# I'm off to New York!



## KBoards Admin (Nov 27, 2007)

I'm heading to NYC with my wife and two younger daughters in the morning. My brother-in-law and his wife just had a baby boy, so we're going to meet the new nephew.

They live in Brooklyn, so we'll be staying out there. We have a couple of fun things planned - like walking across the Brooklyn Bridge. And, we have tickets to Wicked, which I'm really excited about. 

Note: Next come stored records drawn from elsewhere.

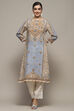 Beige Viscose Straight Kurta
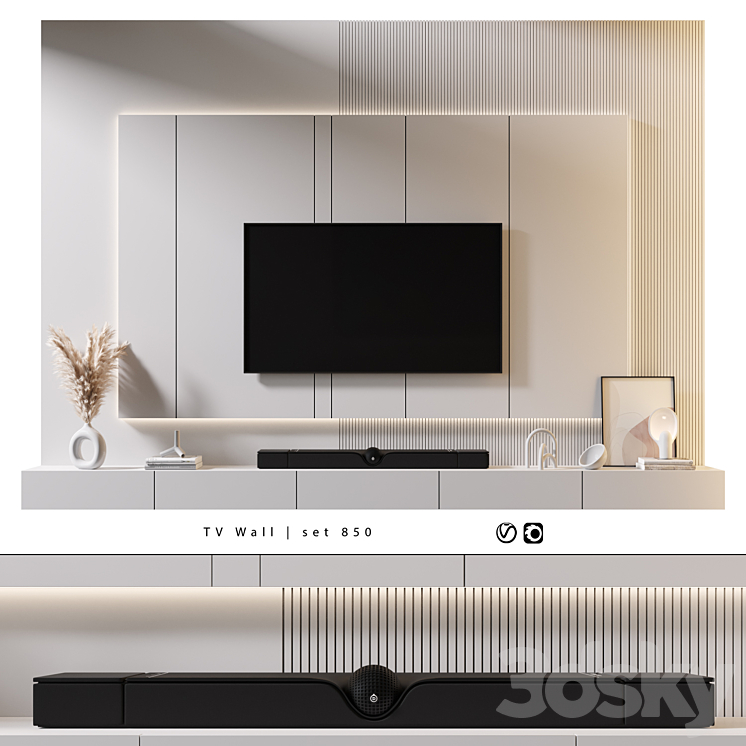 TV Wall | set 850 3DS Max Model - thumbnail 1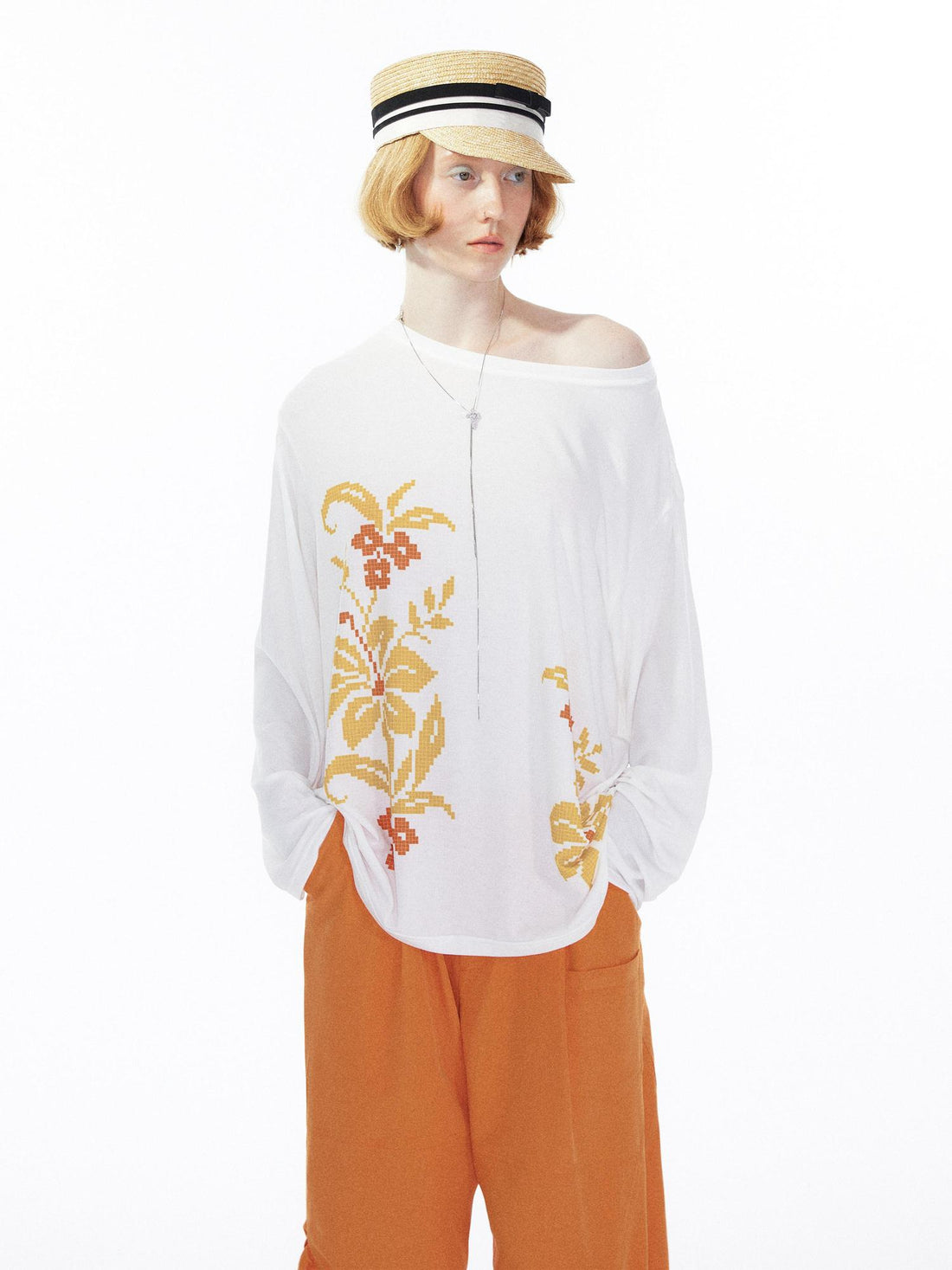 YOSHUYUKI Floral Print Off Shoulder Loose Long Sleeve Top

I was last in New York in Aug 2001, when I was there with my wife for a human services conference. We have a lot of fond and poignant memories of that trip.


----------



## Anju  (Nov 8, 2008)

Have a great trip Harvey but don't forget the hints!  Chat room is not the best if we can't get there ARGHHHH

However I did find #2


----------



## KBoards Admin (Nov 27, 2007)

Thanks Anju! I or one of our other Mods will keep the hints coming... and they won't all be chatroom hints.


----------



## Ruby296 (Nov 1, 2008)

Have a safe trip, Harvey!  NYC is one of my favorite places.


----------



## chynared21 (Oct 28, 2008)

*Safe travels Harvey to you and family. When you get to Brooklyn, face south and wave towards Staten Island ) Wicked was awesome...my birthday present to myself. If you can...on Saturday mornings, they hold a Behind the Curtain tour. It's a tour that I'm planning to take DD to when the weather gets a bit nicer. Have fun and congrats on the new nephew!*


----------



## luvmy4brats (Nov 9, 2008)

Have fun Harvey. 

Stay safe.


----------



## Leslie (Apr 7, 2008)

Look for this, Harvey. It's outside Heath Ledger's (former) home in Brooklyn. His birthday is April 4th. Just a nice tribute...


----------



## Linda Cannon-Mott (Oct 28, 2008)

Sounds like fun! Be safe.


----------



## Kathy (Nov 5, 2008)

New babies. Always fun to see. Have a great time.


----------



## crebel (Jan 15, 2009)

Be safe and enjoy getting to know your new nephew!


----------



## kim (Nov 20, 2008)

Quite a few of the posts said to "be safe"...  You would definitely be safe if you wore your helmet cam


----------



## KBoards Admin (Nov 27, 2007)

chynared21 said:


> *Safe travels Harvey to you and family. When you get to Brooklyn, face south and wave towards Staten Island ) Wicked was awesome...my birthday present to myself. If you can...on Saturday mornings, they hold a Behind the Curtain tour. It's a tour that I'm planning to take DD to when the weather gets a bit nicer. Have fun and congrats on the new nephew!*


Thanks chynared! We'll be on the Staten Island ferry so look for me waving from there! 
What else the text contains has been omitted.